Questa non è una “recensione necessaria”. Questo è un pezzo di vita.
Sta a voi se attardarvi nella lettura o passare oltre (in calce all’articolo scalette e link a Spotify).
Un passo indietro: Milano 1985. Quel 21 giugno, per la prima volta, Bruce Springsteen con la E Street Band originale al gran completo atterra sul palco di San Siro. L’effetto è deflagrante… Uno dei concerti fondamentali del Boss, che da quel momento in Italia diventa uno degli artisti rock più amati e diciamolo pure venerati da un grande numero di fan.
Ebbene, io non c’ero. Appena finito l’esame di terza media, ero in un campo estivo e non me la sono sentita di imbarcarmi su un’auto con qualcuno (qualche proposta era arrivata), all’insaputa dei miei genitori. Dal giorno dopo, sentito del grande concerto, il rimpianto fu grande: consumai il bootleg “Bruce Zirilli. Back to the roots” (titolo ispirato al cognome della madre, Adele Zirilli, da Vico Equense, scomparsa lo scorso anno, quasi centenaria). Cominciai a torturare la mia Eko acustica con i tre accordi del rock e molte canzoni di Springsteen, imparate a memoria… approdai poi ad una Telecaster, per ovvi motivi.
Ho visto alcuni concerti di Springsteen, sempre a distanza di tempo l’uno dall’altro, evitando di vedere solo lui: ho sempre rifuggito la figura del fan incallito e ossessivo, tipica dell’universo springsteeniano.

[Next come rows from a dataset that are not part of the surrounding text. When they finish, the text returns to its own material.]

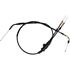 Picture of Throttle Cable Yamaha RD350 YPVS F/F2 85-91, RD350 R 92-95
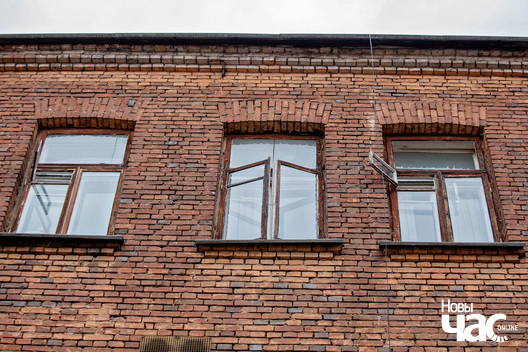 3/3 _minsk_kamsamolskaja___2__logo.jpg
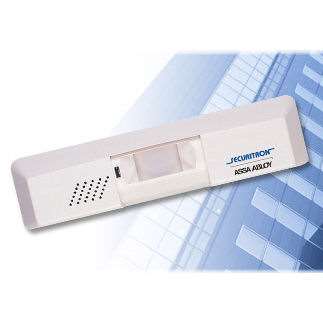 Securitron EEB2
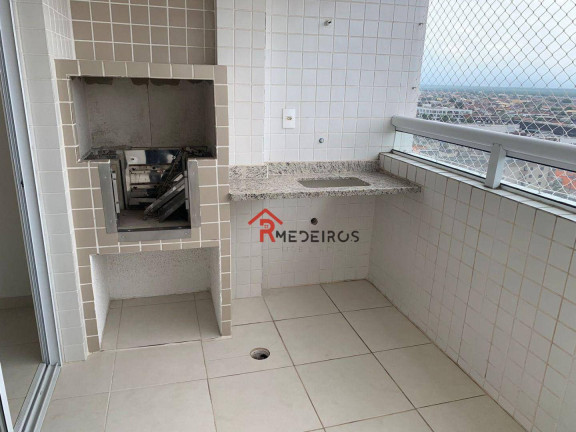 Imagem Apartamento com 2 Quartos à Venda, 70 m² em Aviação - Praia Grande Imagem Apartamento com 2 Quartos à Venda, 70 m² em Aviação - Praia Grande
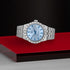 TUDOR Royal Watch - 3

Ma quest’anno le ricorrenze erano troppe: 50 anni da “Born To Run”; 40 da “Born In The USA” …ho ceduto, promettendomi che sarà l’ultimo. Ho fatto bene, anzi benissimo… e dentro di me lo sapevo ovviamente.
Perché ha ragione il compianto Massimo Cotto, giornalista che ha molto contribuito a far conoscere Springsteen in Italia: “Si va a vedere Bruce Springsteen non per vedere come sta lui, ma per vedere come stai tu. Se sei ancora capace di commuoverti, esaltarti, urlare. Se sei ancora vivo”. Che è poi l’essenza del fare e vivere il ROCK.

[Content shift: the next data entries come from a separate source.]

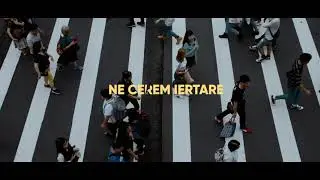 Chemare la mijlocire pentru România - CristoCentriC
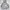 Carhartt Streetwear Casual Hoody Pria gray photo 1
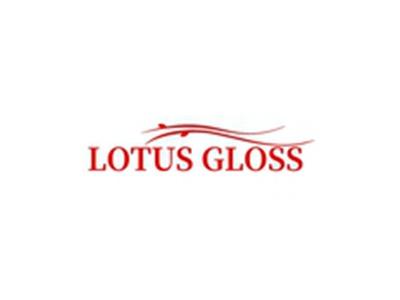LOTUSGLOSS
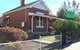 Aaron Cottage - thumb 12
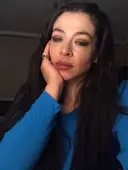 Жанна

Dunque, nell’approssimarmi a San Siro – tempio italico del Boss da sempre – avevo due sentimenti contrastanti: l’incontro con un fratello maggiore da cui ho imparato tanto e che mi ha trasmesso una passione infinita per la musica; il rischio che questo incontro fosse una versione diminuita (senile e gonfiata dalle folle adoranti) del vero Springsteen, quello che ho conosciuto nel pieno della sua creatività artistica e che mi ha cambiato diverse cose, a livello musicale e non solo.
Ecco l’esito: la scommessa è stata vinta a mani basse!
Non ha iniziato, come il 30 giugno con “No surrender” …non ce n’era bisogno, in quanto il gioco era opposto: infatti ci siamo tutti arresi – parlo a nome dei presenti, ma vale per ogni suo live – all’evidenza di essere davanti al miglior performer rock di sempre.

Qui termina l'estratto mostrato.